Il demeure lié à l’indésirable, au non-intentionnel, telle une trace flottant dans le sillage de nos activités industrieuses. Il est cet indiscipliné qui traîne par-delà les rues et les villes, ne s’adresse à personne et, au bout du compte, ne dit rien. Il n’a pas de sens mais, toujours, il est une gêne, une atteinte à la qualité de vie. Perçu et ressenti, il est autant psychologique qu’acoustique.

Dans ses correspondances avec Maupassant, Flaubert défendait l’idée selon laquelle les relations entre les êtres humains constituent la seule réalité. Privé de relations, l’individu deviendrait une abstraction. Mais cela vaut pour tout être vivant. Les modulations sonores du vivant créent en effet des mondes imbriqués desquels se dégage une trame commune sensible : vent, eau, air, pluie, insectes, oiseaux, mammifères… Dans la mesure de ses capacités perceptives, chaque être vivant traverse son existence à l’écoute de ces autres voix tandis qu’il dispense la sienne autour de lui.

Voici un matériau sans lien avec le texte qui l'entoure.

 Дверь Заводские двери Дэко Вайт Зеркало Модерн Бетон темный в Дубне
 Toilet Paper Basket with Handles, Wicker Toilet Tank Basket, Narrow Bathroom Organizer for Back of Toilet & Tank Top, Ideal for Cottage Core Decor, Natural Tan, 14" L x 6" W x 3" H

Nos sociétés sont malades de ne plus savoir écouter et de ne plus pouvoir s’entendre, à mesure qu’elles se répandent dans le bruit. Pourtant, dehors, camouflés dans les arbres reverdis, des oiseaux chantent et exultent. Rossignols et loriots viennent tout juste de nous rejoindre. Alors, tous moteurs éteints, écoutons-les en nous abstenant d’être bruyants. Peut-être sera-ce l’occasion de nous souvenir combien la vie est d’abord une constante mise en relation. Et combien nous ne pouvons nous-mêmes assurer notre plénitude existentielle qu’en prêtant attention à ce qui, précisément, se déploie intimement vers nous depuis l’invisibilité des voix.